Data START
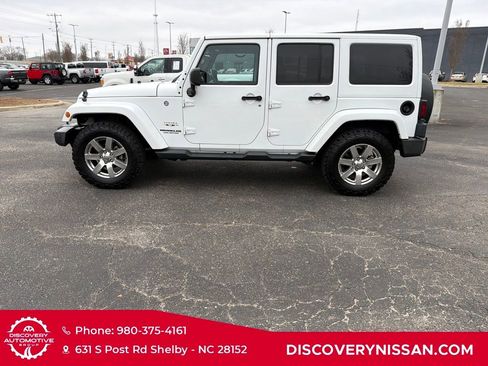Used 2016 Jeep Wrangler Unlimited Sahara w/ Connectivity Group image 10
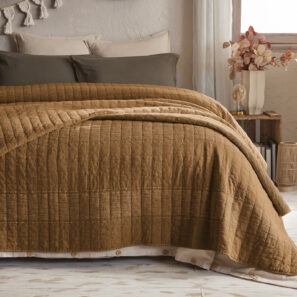 Couvre-lit ZELIE Camel dans une chambre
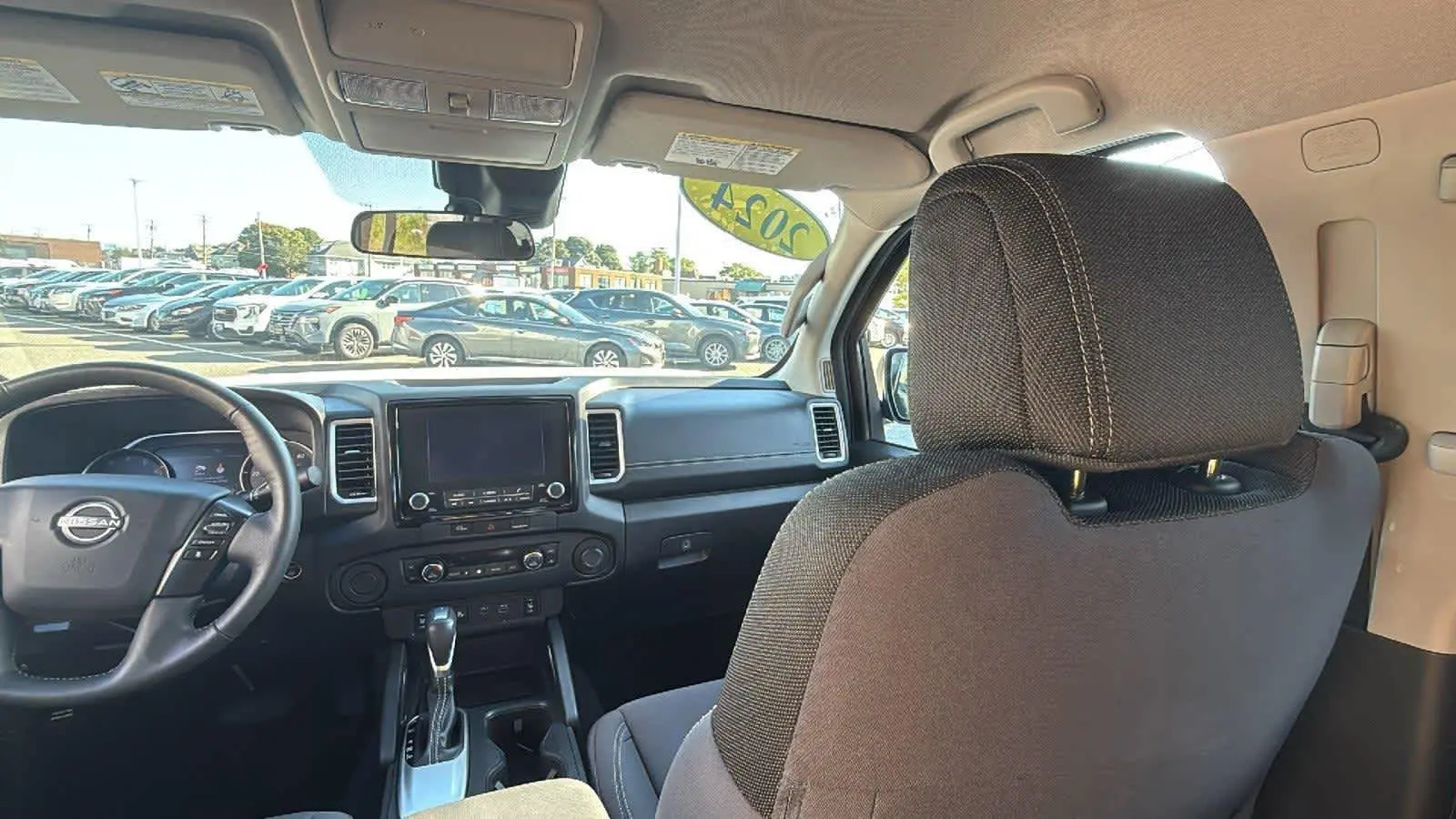 2024 Nissan Frontier SV photo 17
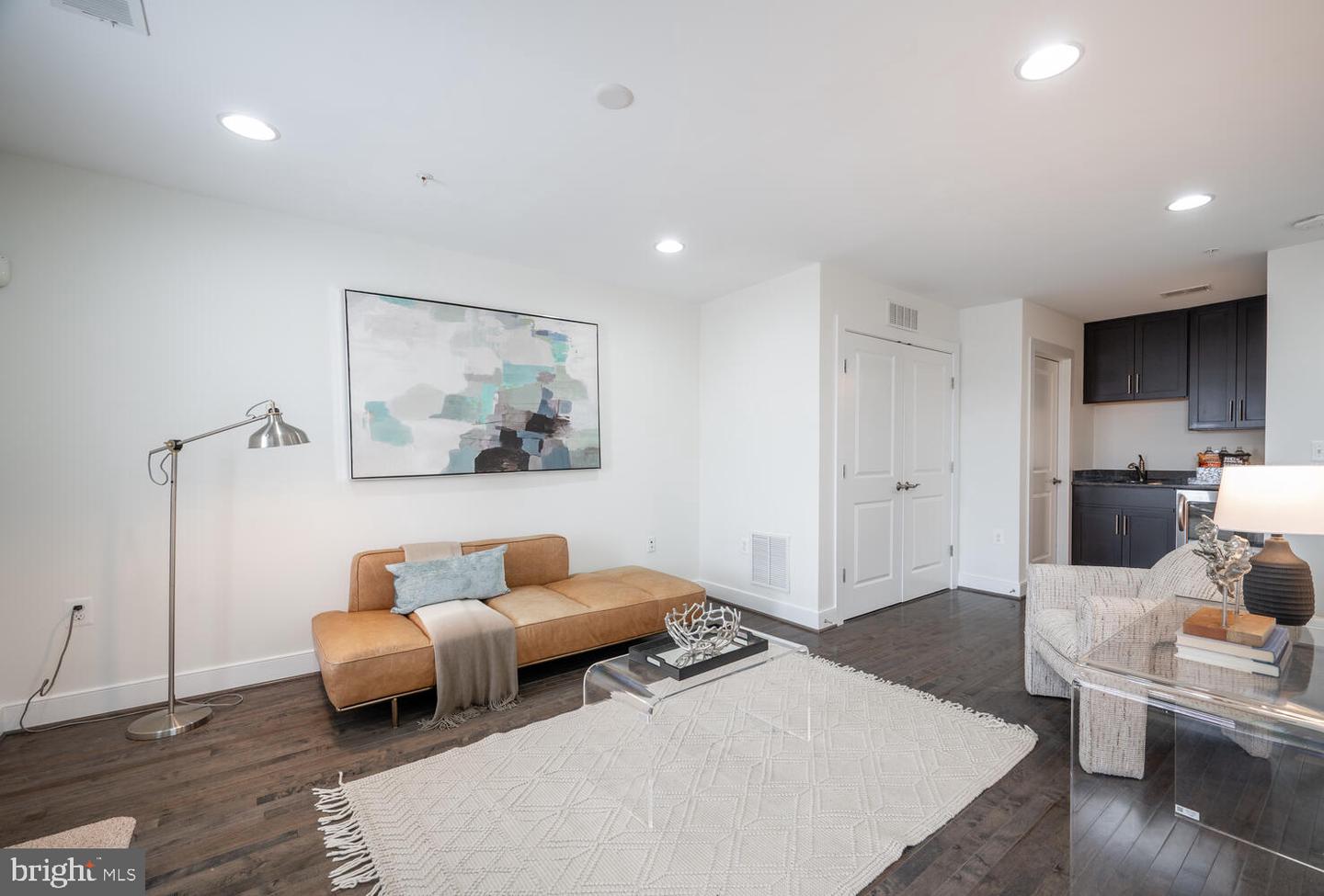 2006 POTOMAC AVE, ALEXANDRIA, Virginia 22301, 3 Bedrooms Bedrooms, ,3 BathroomsBathrooms,Residential,For sale,2006 POTOMAC AVE,VAAX2044820 MLS # VAAX2044820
Data END
## Problem requirements:
Would you please repeat all the data word for word, but without the pictures?

## Reply:
Used 2016 Jeep Wrangler Unlimited Sahara w/ Connectivity Group image 10
 Couvre-lit ZELIE Camel dans une chambre
 2024 Nissan Frontier SV photo 17
 2006 POTOMAC AVE, ALEXANDRIA, Virginia 22301, 3 Bedrooms Bedrooms, ,3 BathroomsBathrooms,Residential,For sale,2006 POTOMAC AVE,VAAX2044820 MLS # VAAX2044820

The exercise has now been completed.